How do we choose the best model? The impact of cross-validation design on model evaluation for buried threat detection in ground penetrating radar

Abstract

A great deal of research has been focused on the development of computer algorithms for buried threat detection (BTD) in ground penetrating radar (GPR) data. Most recently proposed BTD algorithms are supervised, and therefore they employ machine learning models that infer their parameters using training data. Cross-validation (CV) is a popular method for evaluating the performance of such algorithms, in which the available data is systematically split into N disjoint subsets, and an algorithm is repeatedly trained on N-1 subsets and tested on the excluded subset. There are several common types of CV in BTD, which vary principally upon the spatial criterion used to partition the data: site-based, lane-based, region-based, etc. The performance metrics obtained via CV are often used to suggest the superiority of one model over others, however, most studies utilize just one type of CV, and the impact of this choice is unclear.
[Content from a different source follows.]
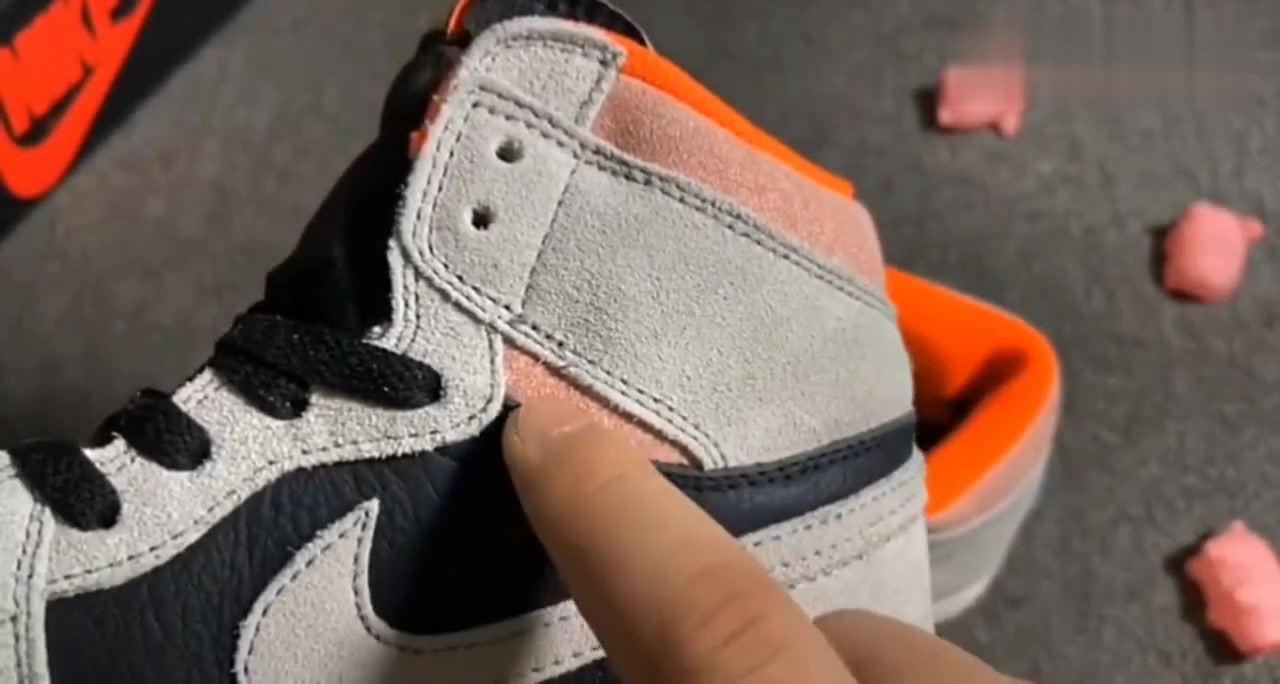 aj1灰麂皮,毛糙的鞋头设计,彰显个性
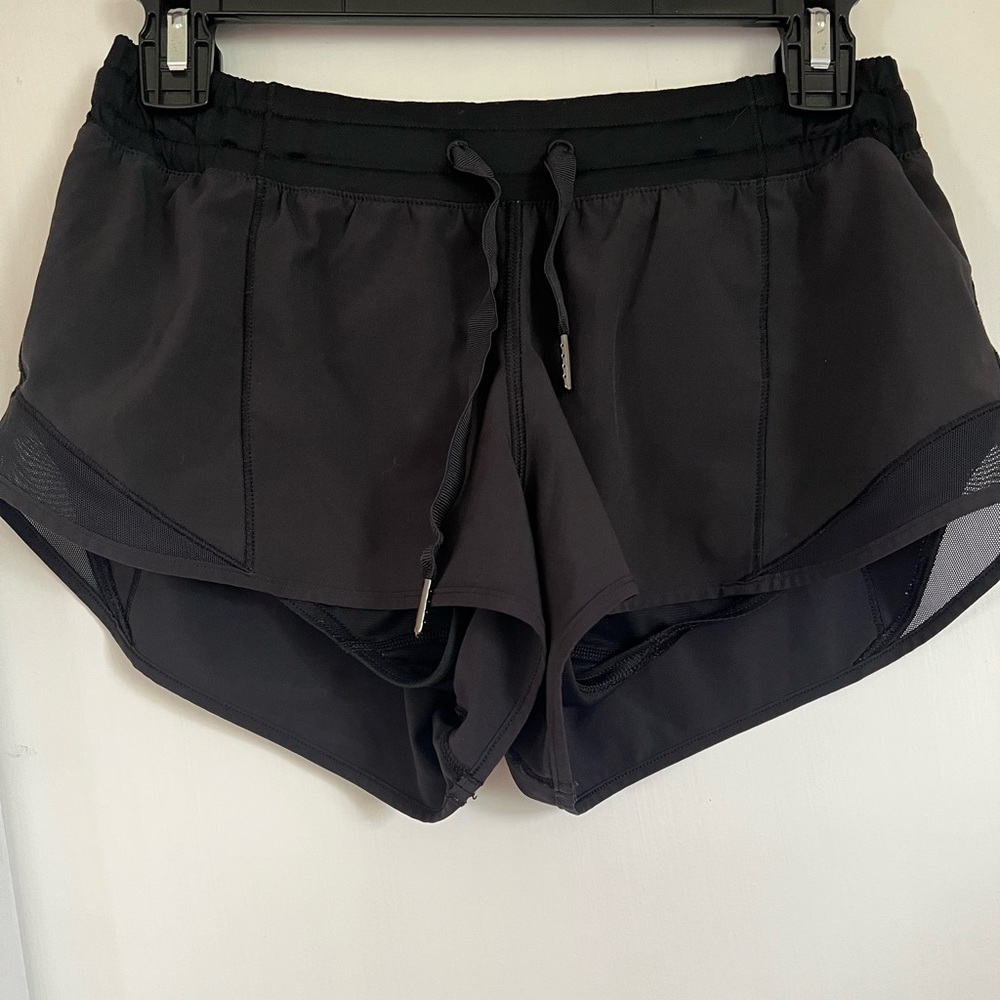 Lululemon hotty hot short lined low rise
Here we employ several types of CV to evaluate algorithms from a recent large-scale BTD study. The results indicate that the rank-order of the performance of the algorithms varies substantially depending upon which type of CV is used. For example, the rank-1 algorithm for region-based CV is the lowest ranked algorithm for site-based CV. This suggests that any algorithm results should be interpreted carefully with respect to the type of CV employed. We discuss some potential interpretations of performance, given a particular type of CV.

DOI

10.1117/12.2305793

Year

2018